Removing duplicate rows in MySQL

gravatar

by nkinkade on 2010-01-12

There are thousands of articles out there on removing duplicate rows from a SQL database. However, almost all of the first-page results of a search at Google for something like " mysql remove duplicates " involved creating temporary tables and other convoluted ways of solving the problem. I'm posting this simple method here in the hope that it could simplify this process for someone else. This is likely old news for people highly experienced with MySQL and SQL databases in general, but it's not that frequent that I have to tackle the duplicate row issue, so I post here for my own reference and that of others. The idea is that you create a unique index on the table based on the columns that should not be duplicated. MySQL will delete the duplicates in order to comply with the uniqueness of the index created. You then simply remove the temporary index.
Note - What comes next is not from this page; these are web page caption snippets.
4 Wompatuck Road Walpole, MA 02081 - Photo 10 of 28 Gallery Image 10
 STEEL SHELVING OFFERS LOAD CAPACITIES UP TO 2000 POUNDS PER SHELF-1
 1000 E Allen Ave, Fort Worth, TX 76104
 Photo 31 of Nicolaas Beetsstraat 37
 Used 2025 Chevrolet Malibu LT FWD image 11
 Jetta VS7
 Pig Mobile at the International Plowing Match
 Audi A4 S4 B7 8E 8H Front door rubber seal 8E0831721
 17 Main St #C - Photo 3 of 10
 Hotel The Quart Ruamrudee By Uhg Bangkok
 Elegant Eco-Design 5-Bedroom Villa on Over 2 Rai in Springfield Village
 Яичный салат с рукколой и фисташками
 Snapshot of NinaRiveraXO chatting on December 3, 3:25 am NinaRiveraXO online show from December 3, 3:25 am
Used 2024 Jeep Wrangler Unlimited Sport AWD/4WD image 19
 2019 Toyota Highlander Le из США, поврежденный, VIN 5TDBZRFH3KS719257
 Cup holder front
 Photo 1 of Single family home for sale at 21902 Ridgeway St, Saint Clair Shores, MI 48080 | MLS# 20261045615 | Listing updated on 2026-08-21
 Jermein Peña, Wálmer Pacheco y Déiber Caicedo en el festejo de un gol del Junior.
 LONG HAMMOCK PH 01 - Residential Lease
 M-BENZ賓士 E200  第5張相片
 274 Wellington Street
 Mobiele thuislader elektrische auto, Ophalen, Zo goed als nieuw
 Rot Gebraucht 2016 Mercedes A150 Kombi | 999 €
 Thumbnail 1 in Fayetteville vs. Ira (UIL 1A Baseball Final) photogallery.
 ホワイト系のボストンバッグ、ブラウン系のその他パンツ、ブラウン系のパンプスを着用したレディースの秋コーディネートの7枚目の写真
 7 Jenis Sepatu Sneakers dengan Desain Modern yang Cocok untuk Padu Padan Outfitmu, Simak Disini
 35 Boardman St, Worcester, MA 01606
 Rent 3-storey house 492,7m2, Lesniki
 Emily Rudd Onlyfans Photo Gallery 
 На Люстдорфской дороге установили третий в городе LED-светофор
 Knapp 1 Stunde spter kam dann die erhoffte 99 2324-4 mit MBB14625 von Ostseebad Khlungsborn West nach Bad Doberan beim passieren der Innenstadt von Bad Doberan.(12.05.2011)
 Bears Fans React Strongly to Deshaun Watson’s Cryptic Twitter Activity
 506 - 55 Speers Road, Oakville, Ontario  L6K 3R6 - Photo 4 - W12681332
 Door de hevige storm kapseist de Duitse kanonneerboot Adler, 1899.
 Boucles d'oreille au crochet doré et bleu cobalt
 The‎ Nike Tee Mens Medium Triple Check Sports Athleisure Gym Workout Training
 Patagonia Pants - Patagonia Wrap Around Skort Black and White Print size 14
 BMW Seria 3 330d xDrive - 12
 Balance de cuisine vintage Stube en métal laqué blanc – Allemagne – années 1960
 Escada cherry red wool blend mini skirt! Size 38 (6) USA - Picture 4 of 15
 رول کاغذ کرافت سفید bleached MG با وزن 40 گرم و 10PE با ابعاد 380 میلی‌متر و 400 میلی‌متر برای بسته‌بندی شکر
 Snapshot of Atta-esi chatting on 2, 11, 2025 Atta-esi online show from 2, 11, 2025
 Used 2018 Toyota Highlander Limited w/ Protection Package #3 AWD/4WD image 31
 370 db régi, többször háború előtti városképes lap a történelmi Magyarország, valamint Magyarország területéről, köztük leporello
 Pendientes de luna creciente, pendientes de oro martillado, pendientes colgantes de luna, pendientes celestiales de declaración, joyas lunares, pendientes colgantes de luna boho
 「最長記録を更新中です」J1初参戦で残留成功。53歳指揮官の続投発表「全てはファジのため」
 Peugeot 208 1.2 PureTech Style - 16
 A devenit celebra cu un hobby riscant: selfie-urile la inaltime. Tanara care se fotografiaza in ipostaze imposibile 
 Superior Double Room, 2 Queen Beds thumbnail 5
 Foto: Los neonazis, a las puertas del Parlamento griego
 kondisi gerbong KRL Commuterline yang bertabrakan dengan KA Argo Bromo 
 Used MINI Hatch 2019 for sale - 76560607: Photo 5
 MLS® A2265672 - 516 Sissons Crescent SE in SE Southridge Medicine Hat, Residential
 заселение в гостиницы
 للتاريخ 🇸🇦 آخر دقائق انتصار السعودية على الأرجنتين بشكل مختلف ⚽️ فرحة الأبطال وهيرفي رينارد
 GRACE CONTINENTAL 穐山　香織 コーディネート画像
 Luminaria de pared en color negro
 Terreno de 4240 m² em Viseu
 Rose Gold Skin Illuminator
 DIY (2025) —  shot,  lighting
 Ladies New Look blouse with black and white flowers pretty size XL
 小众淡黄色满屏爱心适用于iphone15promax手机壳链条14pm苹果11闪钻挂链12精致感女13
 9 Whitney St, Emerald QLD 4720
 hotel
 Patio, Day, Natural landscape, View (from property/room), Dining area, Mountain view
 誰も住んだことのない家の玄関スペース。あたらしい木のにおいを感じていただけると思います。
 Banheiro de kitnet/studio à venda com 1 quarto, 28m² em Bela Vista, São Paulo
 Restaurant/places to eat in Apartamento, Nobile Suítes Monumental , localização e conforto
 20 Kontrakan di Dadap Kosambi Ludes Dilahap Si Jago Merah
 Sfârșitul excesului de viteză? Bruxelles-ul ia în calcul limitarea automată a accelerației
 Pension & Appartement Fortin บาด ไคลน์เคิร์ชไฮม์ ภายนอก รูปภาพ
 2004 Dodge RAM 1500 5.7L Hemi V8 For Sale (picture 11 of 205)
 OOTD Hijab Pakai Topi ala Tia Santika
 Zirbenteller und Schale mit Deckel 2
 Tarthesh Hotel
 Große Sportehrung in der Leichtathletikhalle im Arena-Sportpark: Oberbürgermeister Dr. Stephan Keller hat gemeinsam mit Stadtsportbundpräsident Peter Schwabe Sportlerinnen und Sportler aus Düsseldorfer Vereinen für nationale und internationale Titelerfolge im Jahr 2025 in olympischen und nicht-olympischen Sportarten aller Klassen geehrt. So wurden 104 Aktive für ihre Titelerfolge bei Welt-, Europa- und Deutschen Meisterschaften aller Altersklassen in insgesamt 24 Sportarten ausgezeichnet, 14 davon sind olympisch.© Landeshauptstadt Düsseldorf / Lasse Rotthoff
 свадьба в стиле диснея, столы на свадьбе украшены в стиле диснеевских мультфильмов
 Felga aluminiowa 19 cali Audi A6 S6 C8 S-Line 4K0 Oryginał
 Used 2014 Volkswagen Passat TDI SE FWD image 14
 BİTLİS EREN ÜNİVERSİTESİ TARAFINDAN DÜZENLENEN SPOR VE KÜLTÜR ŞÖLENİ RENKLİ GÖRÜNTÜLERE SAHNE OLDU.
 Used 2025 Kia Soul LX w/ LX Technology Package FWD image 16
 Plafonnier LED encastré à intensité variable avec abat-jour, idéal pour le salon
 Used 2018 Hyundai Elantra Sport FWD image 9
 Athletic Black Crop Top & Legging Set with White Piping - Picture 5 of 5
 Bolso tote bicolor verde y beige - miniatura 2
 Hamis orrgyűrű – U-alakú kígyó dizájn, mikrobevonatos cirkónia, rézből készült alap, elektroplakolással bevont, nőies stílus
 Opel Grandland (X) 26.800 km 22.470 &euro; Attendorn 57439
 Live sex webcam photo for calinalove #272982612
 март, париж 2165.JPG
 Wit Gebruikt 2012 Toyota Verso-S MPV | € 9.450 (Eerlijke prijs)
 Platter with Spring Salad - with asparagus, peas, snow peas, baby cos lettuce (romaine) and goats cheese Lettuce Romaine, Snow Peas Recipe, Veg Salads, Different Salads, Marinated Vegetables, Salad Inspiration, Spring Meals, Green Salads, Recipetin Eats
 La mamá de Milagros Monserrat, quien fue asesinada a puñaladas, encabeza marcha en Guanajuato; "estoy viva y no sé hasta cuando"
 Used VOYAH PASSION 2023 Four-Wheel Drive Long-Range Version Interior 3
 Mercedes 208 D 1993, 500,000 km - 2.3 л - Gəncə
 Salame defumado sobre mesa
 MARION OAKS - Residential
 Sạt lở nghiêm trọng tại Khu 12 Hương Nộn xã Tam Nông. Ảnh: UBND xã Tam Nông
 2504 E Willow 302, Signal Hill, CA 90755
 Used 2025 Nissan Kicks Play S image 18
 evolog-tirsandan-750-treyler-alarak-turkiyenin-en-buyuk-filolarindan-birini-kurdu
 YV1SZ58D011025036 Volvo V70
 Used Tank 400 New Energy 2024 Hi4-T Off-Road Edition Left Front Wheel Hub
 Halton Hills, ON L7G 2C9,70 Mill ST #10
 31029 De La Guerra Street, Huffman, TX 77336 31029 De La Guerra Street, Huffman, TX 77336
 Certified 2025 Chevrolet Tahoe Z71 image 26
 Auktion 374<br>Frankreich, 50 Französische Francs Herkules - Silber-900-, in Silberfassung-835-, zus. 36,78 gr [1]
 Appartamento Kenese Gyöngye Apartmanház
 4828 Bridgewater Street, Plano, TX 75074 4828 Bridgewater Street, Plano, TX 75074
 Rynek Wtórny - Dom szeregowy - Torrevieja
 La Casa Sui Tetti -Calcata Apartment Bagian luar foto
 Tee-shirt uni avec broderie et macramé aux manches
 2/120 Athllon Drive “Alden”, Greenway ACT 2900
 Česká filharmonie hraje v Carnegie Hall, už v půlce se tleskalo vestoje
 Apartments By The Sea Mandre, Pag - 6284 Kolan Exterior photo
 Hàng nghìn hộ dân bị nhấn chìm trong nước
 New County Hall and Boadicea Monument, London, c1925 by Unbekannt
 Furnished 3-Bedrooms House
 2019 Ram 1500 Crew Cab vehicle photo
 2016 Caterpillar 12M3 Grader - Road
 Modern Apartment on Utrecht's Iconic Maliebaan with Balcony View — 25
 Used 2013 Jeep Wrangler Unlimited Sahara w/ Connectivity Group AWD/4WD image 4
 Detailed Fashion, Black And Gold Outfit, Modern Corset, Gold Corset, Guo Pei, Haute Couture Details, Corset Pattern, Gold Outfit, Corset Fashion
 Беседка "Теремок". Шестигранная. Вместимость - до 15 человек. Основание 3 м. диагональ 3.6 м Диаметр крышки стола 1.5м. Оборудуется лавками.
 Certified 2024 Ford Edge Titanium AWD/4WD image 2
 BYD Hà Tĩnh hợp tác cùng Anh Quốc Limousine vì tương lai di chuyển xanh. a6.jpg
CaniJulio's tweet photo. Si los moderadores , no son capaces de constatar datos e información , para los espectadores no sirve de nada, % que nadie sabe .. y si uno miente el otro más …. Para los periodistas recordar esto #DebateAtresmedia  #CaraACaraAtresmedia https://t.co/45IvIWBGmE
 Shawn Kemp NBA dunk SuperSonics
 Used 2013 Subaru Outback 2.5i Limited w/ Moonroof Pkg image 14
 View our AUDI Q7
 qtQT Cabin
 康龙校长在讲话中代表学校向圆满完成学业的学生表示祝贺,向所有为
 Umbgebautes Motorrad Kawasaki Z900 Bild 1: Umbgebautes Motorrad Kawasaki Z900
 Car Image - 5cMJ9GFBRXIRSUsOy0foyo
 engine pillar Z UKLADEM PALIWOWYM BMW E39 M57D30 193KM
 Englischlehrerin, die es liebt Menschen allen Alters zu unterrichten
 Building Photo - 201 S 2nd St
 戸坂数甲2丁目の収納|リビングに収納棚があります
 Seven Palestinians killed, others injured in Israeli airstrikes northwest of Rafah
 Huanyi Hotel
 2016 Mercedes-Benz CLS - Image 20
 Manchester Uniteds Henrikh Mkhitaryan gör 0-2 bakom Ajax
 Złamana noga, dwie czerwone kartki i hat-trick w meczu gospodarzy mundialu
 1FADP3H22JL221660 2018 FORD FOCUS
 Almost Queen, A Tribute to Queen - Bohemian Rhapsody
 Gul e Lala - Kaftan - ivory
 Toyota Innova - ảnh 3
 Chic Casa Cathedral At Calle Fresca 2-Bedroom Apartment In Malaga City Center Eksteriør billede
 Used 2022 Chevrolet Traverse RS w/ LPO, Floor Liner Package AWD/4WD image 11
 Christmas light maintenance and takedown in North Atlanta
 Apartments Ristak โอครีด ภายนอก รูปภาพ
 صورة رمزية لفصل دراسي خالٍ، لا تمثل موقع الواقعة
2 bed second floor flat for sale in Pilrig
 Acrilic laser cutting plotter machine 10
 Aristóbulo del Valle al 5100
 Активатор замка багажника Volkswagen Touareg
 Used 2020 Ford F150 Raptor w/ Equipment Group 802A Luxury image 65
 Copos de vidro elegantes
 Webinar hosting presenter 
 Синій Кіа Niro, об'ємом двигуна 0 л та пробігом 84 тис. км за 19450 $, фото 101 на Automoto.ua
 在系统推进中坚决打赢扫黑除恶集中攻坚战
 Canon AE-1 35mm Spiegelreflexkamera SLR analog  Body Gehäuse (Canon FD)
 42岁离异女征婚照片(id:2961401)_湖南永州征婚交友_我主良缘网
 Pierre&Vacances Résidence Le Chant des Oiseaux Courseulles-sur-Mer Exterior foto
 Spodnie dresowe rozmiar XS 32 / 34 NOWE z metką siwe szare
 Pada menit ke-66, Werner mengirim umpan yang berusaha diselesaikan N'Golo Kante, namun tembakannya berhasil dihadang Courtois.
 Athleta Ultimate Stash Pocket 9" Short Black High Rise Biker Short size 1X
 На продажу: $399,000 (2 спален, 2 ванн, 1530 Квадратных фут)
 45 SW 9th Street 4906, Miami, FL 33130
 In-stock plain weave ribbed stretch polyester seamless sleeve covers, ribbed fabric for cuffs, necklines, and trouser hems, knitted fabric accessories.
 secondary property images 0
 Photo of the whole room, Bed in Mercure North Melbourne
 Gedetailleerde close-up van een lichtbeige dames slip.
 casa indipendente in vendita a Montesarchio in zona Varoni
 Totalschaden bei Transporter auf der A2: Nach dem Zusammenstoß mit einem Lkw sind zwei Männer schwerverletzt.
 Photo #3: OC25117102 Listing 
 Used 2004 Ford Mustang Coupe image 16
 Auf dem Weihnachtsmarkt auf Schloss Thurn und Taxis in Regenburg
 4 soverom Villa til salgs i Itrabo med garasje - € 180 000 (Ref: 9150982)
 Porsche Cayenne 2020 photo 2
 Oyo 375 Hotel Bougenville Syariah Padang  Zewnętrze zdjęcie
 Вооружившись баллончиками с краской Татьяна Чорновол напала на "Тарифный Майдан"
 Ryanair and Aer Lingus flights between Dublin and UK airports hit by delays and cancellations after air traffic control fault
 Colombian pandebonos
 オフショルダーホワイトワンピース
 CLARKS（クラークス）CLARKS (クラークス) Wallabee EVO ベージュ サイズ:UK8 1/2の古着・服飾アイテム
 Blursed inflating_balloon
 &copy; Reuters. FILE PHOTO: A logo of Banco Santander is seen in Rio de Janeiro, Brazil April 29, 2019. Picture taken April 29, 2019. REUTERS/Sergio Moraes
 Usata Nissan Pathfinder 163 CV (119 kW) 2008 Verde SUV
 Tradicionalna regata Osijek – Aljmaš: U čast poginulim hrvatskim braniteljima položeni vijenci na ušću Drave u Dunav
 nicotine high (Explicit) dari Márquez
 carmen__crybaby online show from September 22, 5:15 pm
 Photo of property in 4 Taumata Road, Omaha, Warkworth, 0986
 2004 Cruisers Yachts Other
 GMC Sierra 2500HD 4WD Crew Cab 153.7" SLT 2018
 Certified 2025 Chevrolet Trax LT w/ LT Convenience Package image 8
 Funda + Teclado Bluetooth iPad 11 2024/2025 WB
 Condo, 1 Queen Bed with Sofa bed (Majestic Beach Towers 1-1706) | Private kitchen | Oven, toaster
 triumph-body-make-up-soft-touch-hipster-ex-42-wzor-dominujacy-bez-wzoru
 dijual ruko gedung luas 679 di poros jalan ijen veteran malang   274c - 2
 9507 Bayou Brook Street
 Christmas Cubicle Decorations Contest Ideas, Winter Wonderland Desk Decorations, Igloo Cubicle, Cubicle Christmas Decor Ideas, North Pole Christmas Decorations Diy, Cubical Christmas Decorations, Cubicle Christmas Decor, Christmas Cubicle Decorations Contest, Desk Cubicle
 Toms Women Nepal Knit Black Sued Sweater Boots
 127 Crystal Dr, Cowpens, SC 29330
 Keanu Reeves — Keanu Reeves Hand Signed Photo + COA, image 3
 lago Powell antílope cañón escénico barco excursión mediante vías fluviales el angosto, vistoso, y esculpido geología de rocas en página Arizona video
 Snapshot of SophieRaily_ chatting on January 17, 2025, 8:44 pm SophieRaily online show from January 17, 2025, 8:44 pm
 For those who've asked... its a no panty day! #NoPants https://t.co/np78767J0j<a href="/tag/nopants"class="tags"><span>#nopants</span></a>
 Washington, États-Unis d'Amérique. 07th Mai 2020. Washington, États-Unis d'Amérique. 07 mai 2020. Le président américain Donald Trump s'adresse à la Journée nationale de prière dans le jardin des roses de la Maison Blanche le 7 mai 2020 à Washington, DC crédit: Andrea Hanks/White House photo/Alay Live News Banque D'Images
There was a bug in CiviCRM which was causing duplicate records in a particular table. Find the duplicates:

mysql> SELECT contact_id, contribution_id, receive_date, product_id, count(*) FROM civicrm_contribution_product JOIN civicrm_contribution ON civicrm_contribution_product.contribution_id = civicrm_contribution.id GROUP BY contribution_id, product_id having count(*) > 1 ORDER BY receive_date;

Removing most of the duplicates:

mysql> ALTER IGNORE TABLE civicrm_contribution_product ADD UNIQUE INDEXtmp_index(contribution_id, product_id);

Removing the temporary index:

mysql> ALTER TABLE civicrm_contribution_product DROP INDEX tmp_index;

Thanks to Paul Swarthout's comments on a thread at databasejournal.com for this simple solution.